══ Dataset entries

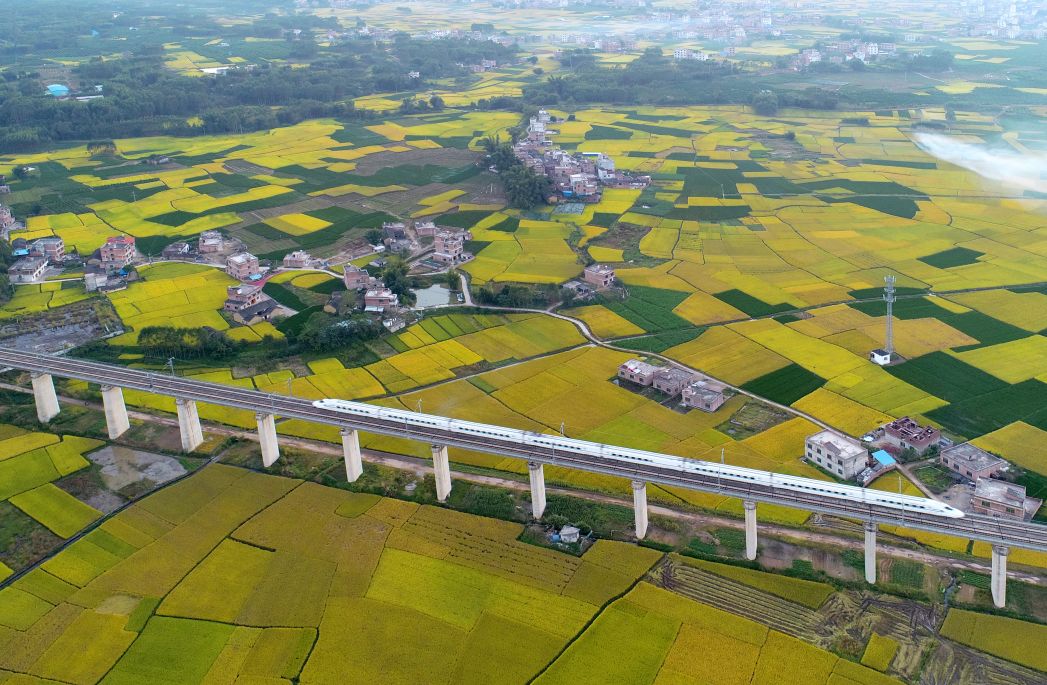 贺州市城市农村人口构成_贺州市农村老人图片(3)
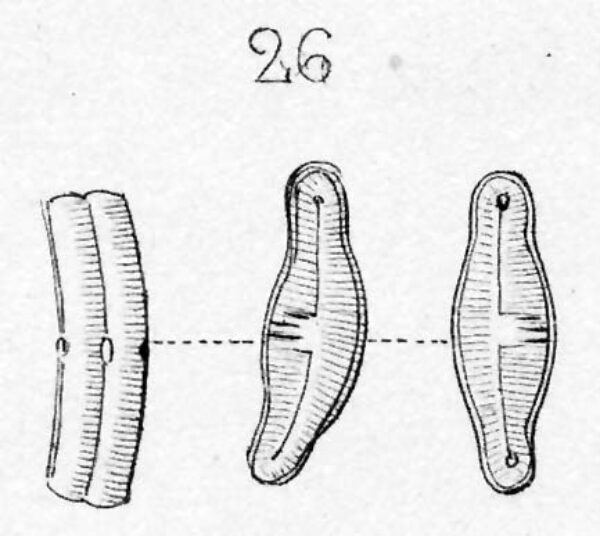 Eucocconeis alpestris orig illus 2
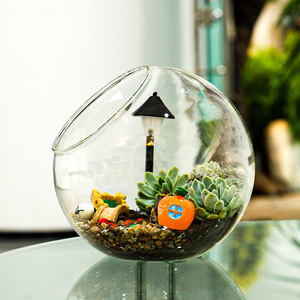 Vaso di decorazione per la casa succulenta aria chiara globo Micro paesaggio terrario palla di vetro - Product Image 5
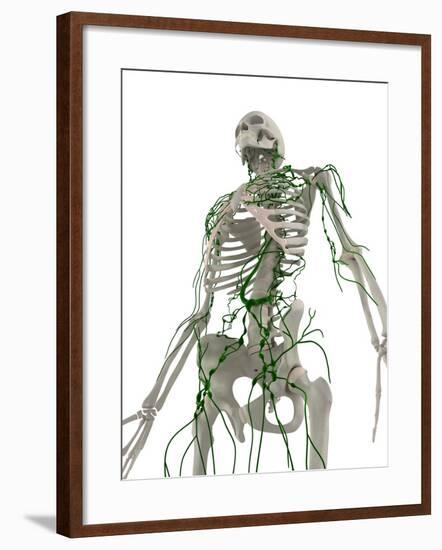 Lymphatic System, Artwork-SCIEPRO-Framed Photographic Print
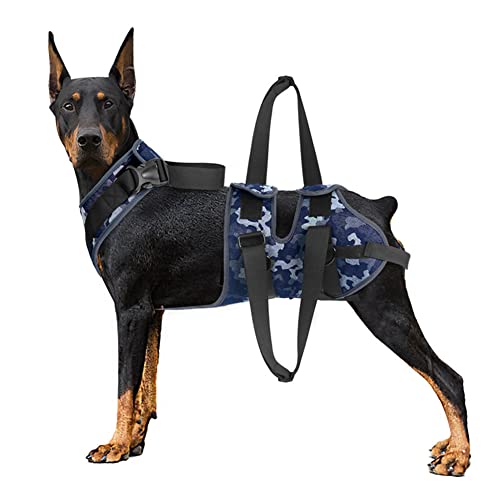 Arnés para Perros, Soporte para Patas traseras, cómodo arnés de Apoyo para Patas traseras, Elevador de Perros para Perros Grandes y Ancianos, Perros discapacitados, Color Azul, Talla L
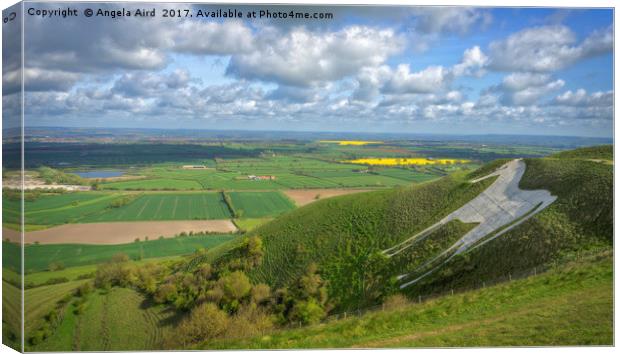 Farmlands. Canvas Print by Angela Aird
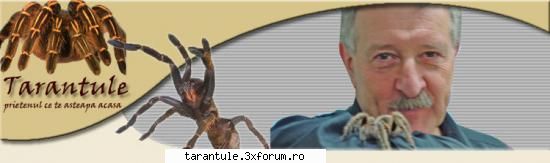 De unde pot cumpara o tarantula ? - isimion - TARANTULE - DISCUTII GENERALE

════

> **Aim of the task**
Images are not part of the copy. Everything else in the records must be reproduced exactly.

> **Written response**
 贺州市城市农村人口构成_贺州市农村老人图片(3)
 Eucocconeis alpestris orig illus 2
 Vaso di decorazione per la casa succulenta aria chiara globo Micro paesaggio terrario palla di vetro - Product Image 5
 Lymphatic System, Artwork-SCIEPRO-Framed Photographic Print
 Arnés para Perros, Soporte para Patas traseras, cómodo arnés de Apoyo para Patas traseras, Elevador de Perros para Perros Grandes y Ancianos, Perros discapacitados, Color Azul, Talla L
 Farmlands. Canvas Print by Angela Aird
 De unde pot cumpara o tarantula ? - isimion - TARANTULE - DISCUTII GENERALE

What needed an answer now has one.